AG Opinion: taxi app connecting passengers with taxi drivers is an Information Society service

A service using an electronic app to connect passengers with taxi drivers is an Information Society service under the E-Commerce Directive (2000/31/EC), as long as the app is not be inherently linked to the taxi transport service so that it does not form an integral part of it.

In another case about taxi apps, the Advocate General has delivered his opinion in the case of Case C-62/19 Star Taxi App SRL v Unitatea Administrativ Teritoriala Municipiul Bucuresti prin Primar General et Consiliul General al Municipiului Bucuresti.

Background

Star Taxi App was a smartphone application which put potential users of taxi services in touch with taxi drivers. It allowed potential customers to run a search for taxi drivers available for a journey. The customer could then choose a particular driver from the list. The company neither passed bookings to taxi drivers nor set the fare, and customers paid the driver directly.

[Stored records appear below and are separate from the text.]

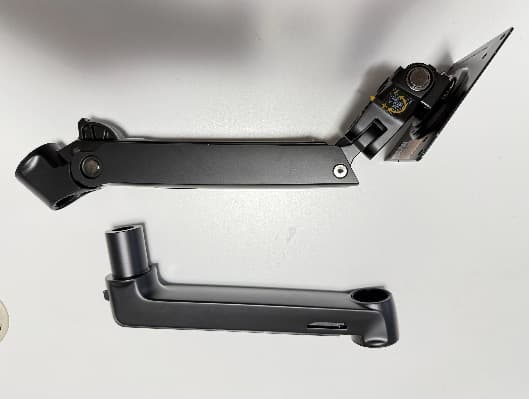 未使用Amazonベーシック デスクマウントシングル-ディスプレイ32インチまで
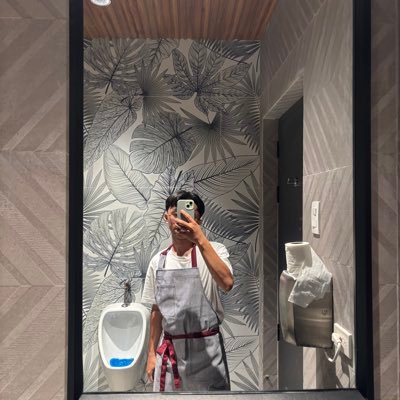 ZMangune's profile picture. Tzedek.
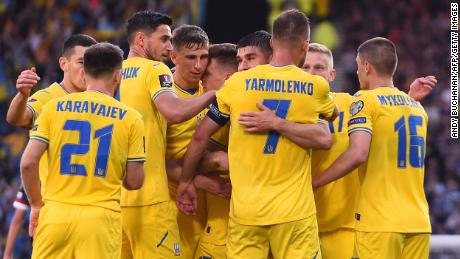 اوکراین در مقدماتی جام جهانی اسکاتلند را شگفت زده کرد تا روحیه این کشور جنگ زده را تقویت کند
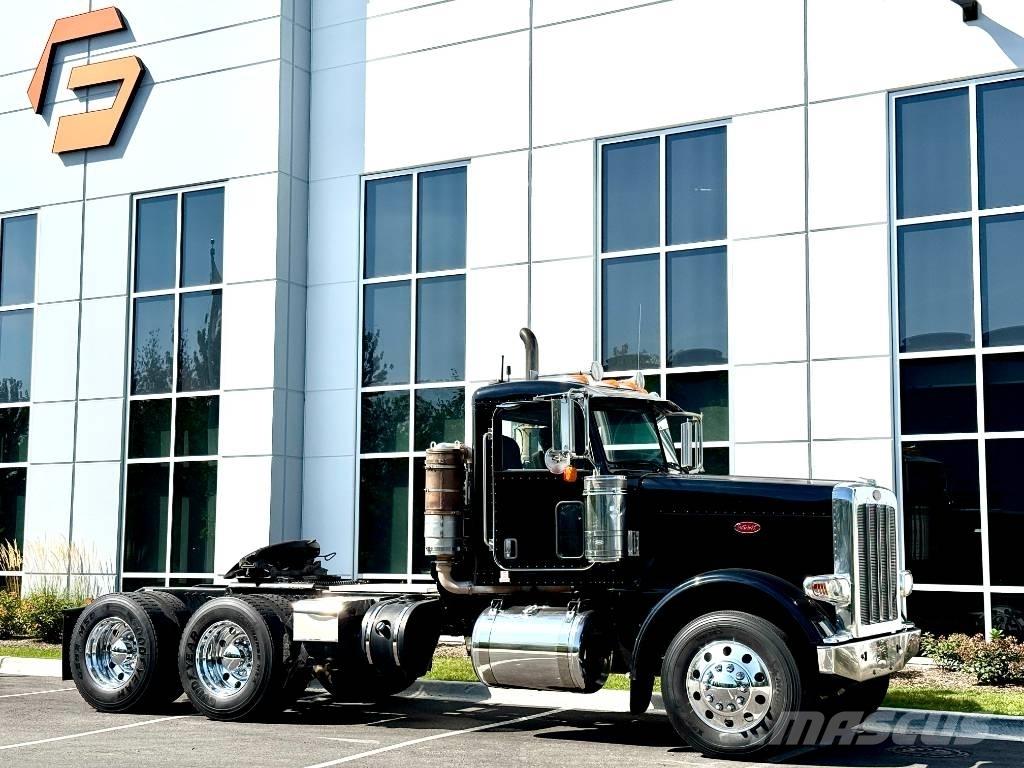 Peterbilt 388 Vlačilci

Bucharest Municipal Council adopted Decision No 626/2017,which extended the scope of the obligation to apply for authorisation for the activity of ‘dispatching’ to cover operators of IT applications. Star Taxi App was fined, and appealed on the basis that its activity was an Information Society service covered by the principle of the exclusion of prior authorisation in the E-Commerce Directive (2000/31/EC).

The Romanian referring court asked the Court of Justice whether such a taxi app constitutes an ‘Information Society service’, and if so, if the Bucharest Municipal Council’s decision was valid under EU law.

The opinion

Advocate General Maciej Szpunar said that the app falls within the definition of Information Society service in the E-commerce Directive because it is provided for remuneration, at a distance, by electronic means and at the individual request of a recipient of services.

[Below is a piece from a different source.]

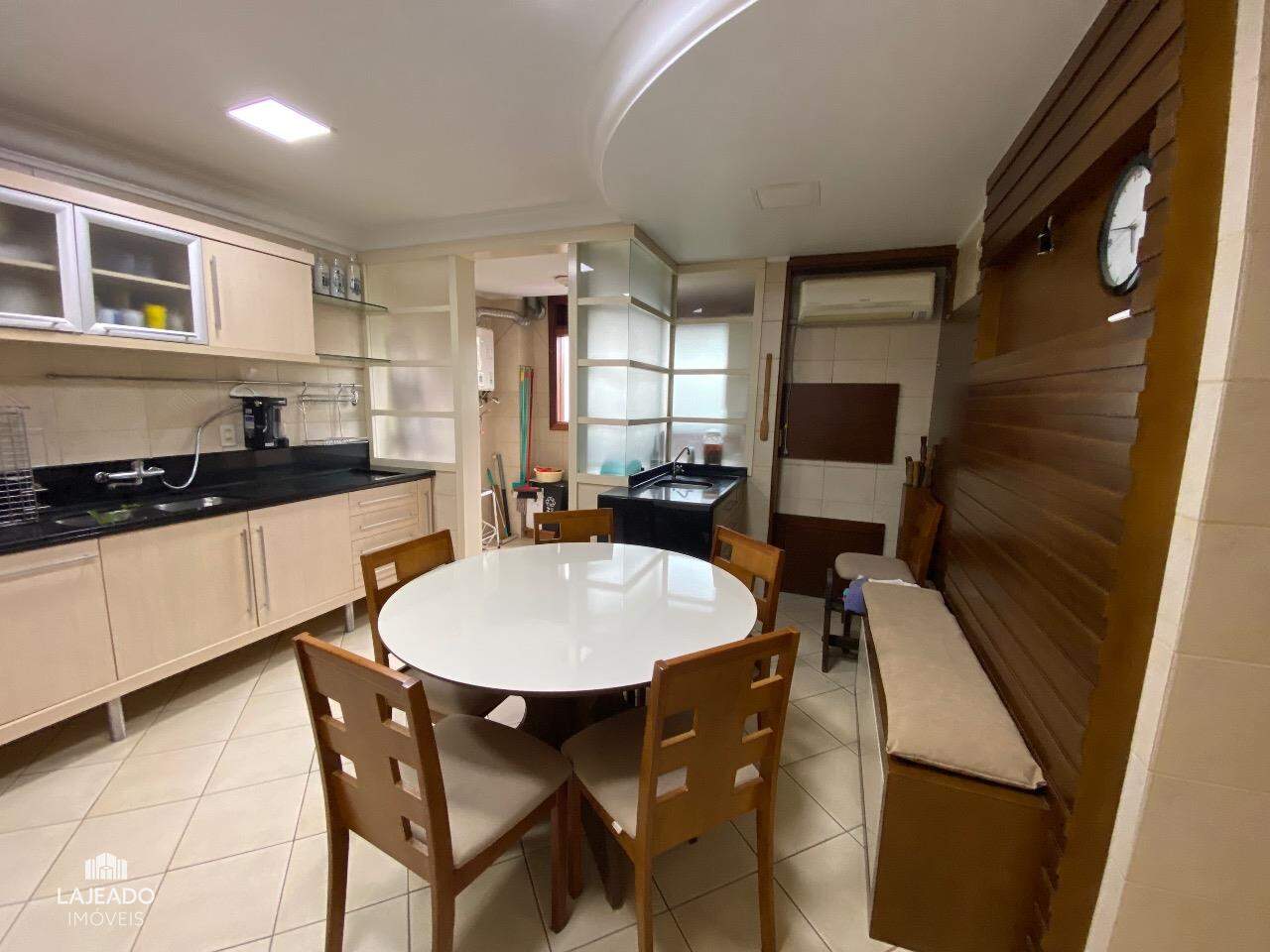 Apartamento à venda com 3 quartos, 135m² - Foto 5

However, under EU case-law, there are exceptions to this. For example, where the service provided by electronic means is inherently linked to the provision of another service, which is the primary service and is not provided by electronic means, such as a transport service. That inherent link is characterised by the fact that the provider of the service provided by electronic means controls the essential aspects of the other service, including the selection of the providers of that other service.

In relation to Star Taxi App, the company did not need to recruit taxi drivers and did not exercise control or decisive influence over the conditions under which taxi drivers provided their transport services. Unlike other similar services, such as Uber, the Star Taxi App was an add-on to a pre-existing and organised taxi transport service. Therefore, its role was that of an external provider of an ancillary service, which was important, but not essential, for the efficiency of the primary transport service.

The Advocate General went on to consider Bucharest Municipal Council’s decision under EU law. The E-Commerce Directive prevents member states from making the taking up and pursuit of the provision of Information Society services subject to prior authorisation or any other requirement having equivalent effect. However, that prohibition does not affect authorisation schemes which are not specifically and exclusively targeted at Information Society services, as was the case here.

However that is subject to the condition that the services covered by the existing authorisation scheme which are not provided by electronic means and the Information Society services to which that scheme is extended are actually equivalent in economic terms.

The Services Directive 2006/123/EC allows member states to make access to a service activity subject to such a scheme, but the scheme must not be discriminatory, it must be justified by an overriding reason relating to the public interest, and there must not be less restrictive measures capable of achieving the same objective. The Advocate General said that the national court must decide if there are overriding public interest reasons justifying the authorisation scheme for taxi dispatching services, although this does not apply when the authorisation is subject to requirements that are technologically unsuited to the applicant’s intended service. 

The Advocate General concluded that:

  • A service to put taxi passengers in touch with taxi drivers via an electronic application constitutes an Information Society service where that service is not inherently linked to the taxi transport service so that it does not form an integral part of the taxi transport service.
  • The E-Commerce Directive does not prevent an authorisation scheme being applied to Information Society service which normally applies to providers of economically equivalent services that are not Information Society services.
  • The Services Directive does not permit the application of such an authorisation scheme unless the scheme complies with the Directive, which is a matter for the national court to determine.